CHAPTER 7
(ROMANTIC) LOVE
CHINESE | ENGLISH
Love needs no introduction. Or does it? Two stories in this chapter, “Little Heartaches” and “Fake Love Letter,” seem to cross cultural and linguistic boundaries quite easily; the other two, “A Gentleman’s Love” and “Give Him Peace,” do not. Love must be understood in context, yet it is impossible for anyone to share in the entire range of experiences of human love.
“Little Heartaches” captures, in 721 Chinese characters, four potentially romantic encounters, a couple of which perhaps resemble failed attempts at love. Not only does the episodic form make reading easy, the perspective allows readers to empathize with the boy’s tender emotions, bewilderment, loneliness, and frustration. But is there more to this deceptively sparse story? Why does the story highlight love’s folly? Why does it make failures, especially the early ones, endearing? Is there a connection between the boy’s frustration and the contaminated world? What does the dynamic between what he captures (or fails to capture) and what he understands (or fails to understand) say about the nature of knowing and knowledge? What makes a person wise? When we think about these questions, when we look inside to understand why a child’s innocence is so appealing, we may find what many Taoists believe to be the origin of love.
“Fake Love Letter,” for all its literary merits, was chosen for a practical reason. The author, Zou Jingzhi, was a “sent-down youth” for eight years during the Cultural Revolution. This short-short story by him provides a window onto the way his generation felt about that time and experience. Self-reflection, rather than the familiar negative attitudes about the Down to the Countryside movement, predominates in the story. As it happens, the youth of this generation have been behind China’s miraculous rise in the past thirty some years. Those sent-down youths now hold many key positions in the Communist Party of China and within state authority.

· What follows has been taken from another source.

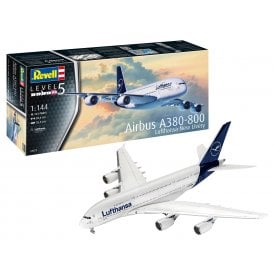 Airbus A380-800 "Lufthansa" New Livery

In the past, the protagonist of “A Gentleman’s Love” has been accused of being an unethical high school teacher encouraging a student’s romantic advances. Many international students from China have read it as a story about the dated tradition that obliges marriage between a man and a woman who have engaged in any kind of physical contact. Please try to go further than these readings. Asking these questions may help: What is the historical context of the story? Why does the story make it easier to save someone’s life than to save his or her face? What qualifies someone to be a teacher in Chinese cultural tradition? A gentleman’s old-fashioned yet constant worry of not being able to do right by others, of failing to live up to the Confucian standards of human decency, may become a prominent concern as you read and reread the story.
Reading “Give Him Peace,” you will be disappointed if you are expecting a morality tale, or if you attempt to locate the story within the framework of the Oedipus complex, or if fidelity is, for you, an absolute value in marriage. Quite a few readers have found the male protagonist almost ridiculous in his vulnerability and his courting of professional disaster. But perhaps this story is about true love nonetheless. Take Ruyi for example. She tries to stay true to her emotions and to remain loyal to all her loved ones at the same time. Her love may not be exclusive; yet that love does empower her in unique ways and sets her free, beyond the precepts set by men or God.
Love is a universal topic. Within its broad perimeter, the stories in this chapter constantly ask two questions: What qualifies us to say things about other people in general and about people of different time, space, and agency who have their own belief systems, values, and ways of life in particular? What can we do, with and through love, to proactively facilitate cross-cultural understanding?